Sims later filed his
formal pension application and it was received by the Plan on
April 13, 2011.
On May 4, 2011, Feinberg informed Tierney and Sims by
letter and e-mail that the Plan would hold a hearing on the
pension issue on May 11, 2011.
On May 9, however, Tierney
responded by stating that “the illegality of the noted
proceeding will prevent Mr. Sims and I from attending same.”
On
May 11, 2011, Feinberg wrote to Tierney and stated, “This letter
will also serve to advise you that based on your e-mail the
Pension Fund now considers the request for consideration filed
by you on behalf of Mr.
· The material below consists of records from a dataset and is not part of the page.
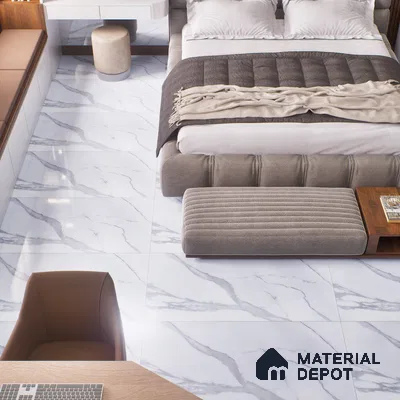 Budget Friendly Marble Wall & Floor Tile Value for Money TL 06291 Arctic White 4 ft x 2 ft - Vitrified Glossy Finish -9 mm | Suitable for Living Room, Bedroom & Bathroom (Sample)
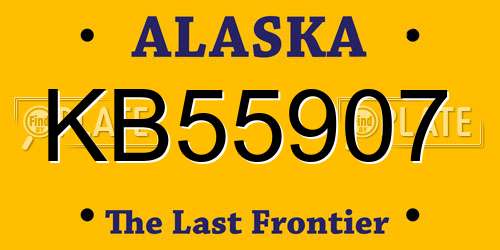 KB55907 Alaska License Plate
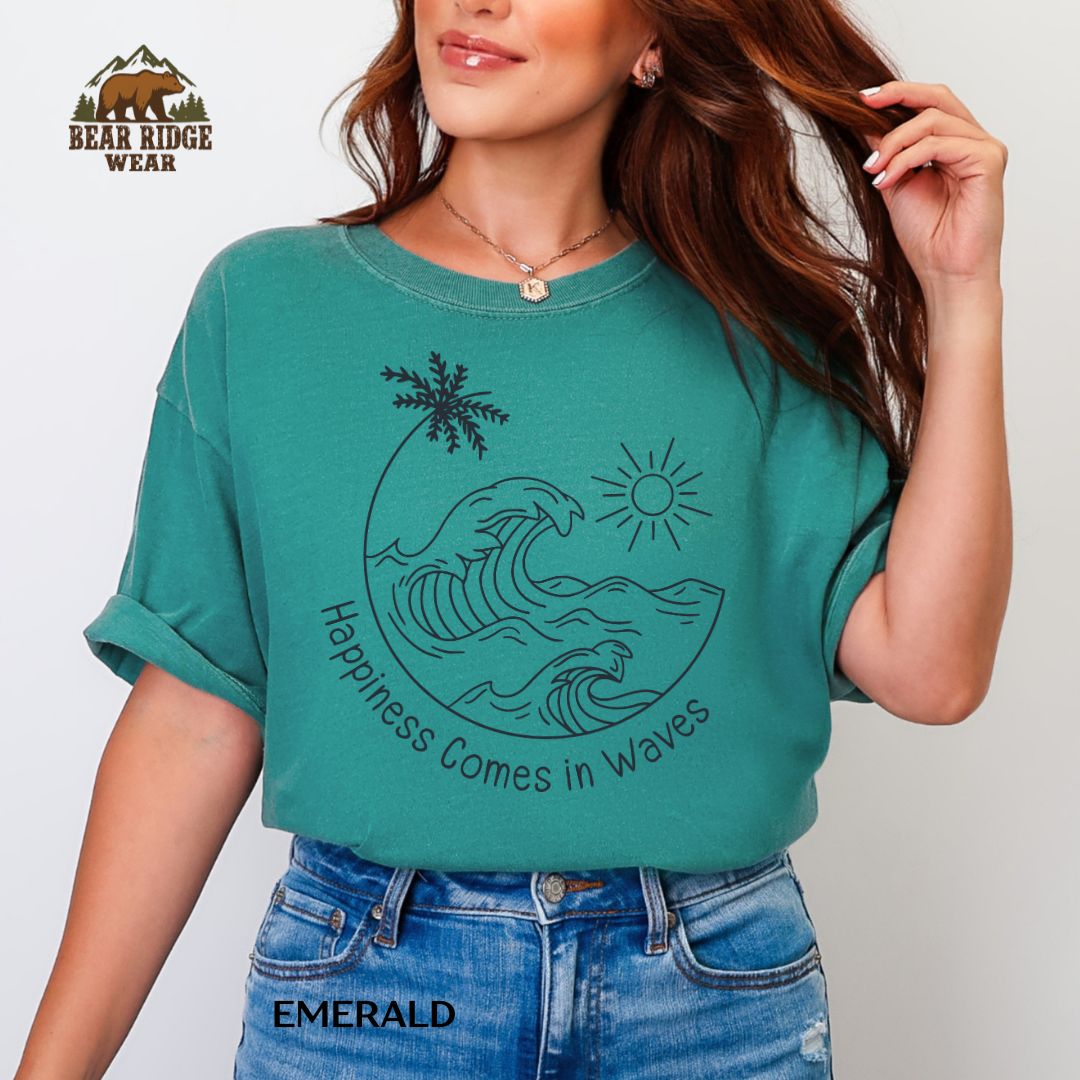 Happiness comes in Waves-Black' Summer T-shirt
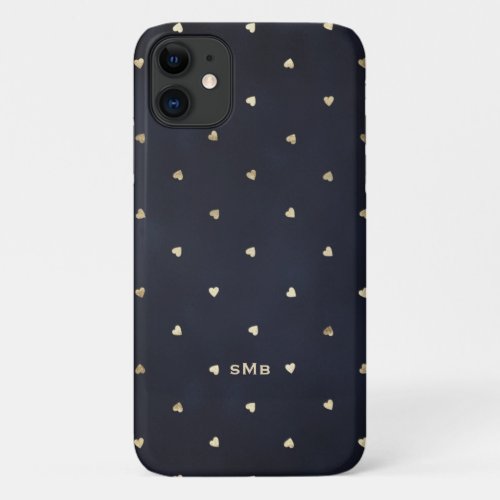 Gold Foil Hearts Pattern Navy Blue Monogram iPhone 11 Case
Sims to have been withdrawn.”
That same
day, however, Tierney sent the APWABA an e-mail renewing his
request for a hearing.
In the e-mail, Tierney explained his
view that the proposed May 11, 2011, hearing was improper
because, among other things: (1) it had been scheduled more than
60 days after Sims’s request for a hearing; (2) the Plan had
denied Sims access to key witnesses; and (3) the hearing was to
have been presided over by National Director Michael Ganino
rather than the APWABA board, as Tierney believed that Plan
documents required.
Feinberg responded with his own e-mail
refuting Tierney’s claims.
He did not, however, directly
respond to Tierney’s renewed request for a hearing.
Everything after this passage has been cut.